New Mission Theater to Become Five-Screen Cinema that Serves Beer? (!!!)
— By Kevin Montgomery (@kevinmonty) |
Grub Street brings us the best news we've heard all year:
Alas, we're finally getting word of developer and Medjool owner Gus Murad's plans for the historic New Mission Theater, via the Historic Preservation Commission's agenda for this week. The main item up for discussion at tomorrow's meeting — besides the fight to get some sort of landmark designation for endangered Gold Dust Lounge — is a proposal to convert the single-screen cinema to a five-screen one, with Texas-based Alamo Drafthouse Cinema as the operator.

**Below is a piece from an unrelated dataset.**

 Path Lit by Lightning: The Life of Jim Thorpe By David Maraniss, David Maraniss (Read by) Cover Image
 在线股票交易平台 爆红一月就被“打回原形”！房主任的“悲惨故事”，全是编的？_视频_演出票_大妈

With locations already in Houston, Austin, San Antonio, Denver, and D.C., Alamo has been voted the number-one movie theater in the country by Entertainment Weekly, largely due to their beer and food service, and their policy against playing advertisements before shows.
The proposal calls for the first-floor projection room to become a bar, with the main auditorium space getting restored as a large screening room. Additionally, there would be four more auditoriums built into what was the lower and upper balconies of the theater. Also, obviously, they would restore the iconic, Art Deco, 70-foot neon sign on Mission Street.
As Grub Street goes on to point out, Murad has not had the easiest time getting projects through the city in the past (there was that two year long fight about the Medjool roof deck, and the Historic Preservation Commission hasn't been that receptive to remodeling New Mission in the past). And it was only a year ago that it was rumored a bowling alley would move in to New Mission, only for that project to go nowhere. But let's hope this all works out, because even an 'independent' chain that wants to bring us beer, food, and cinema without making us go to the Fillmore would be welcome… so long as it doesn't drive The Roxie out of business.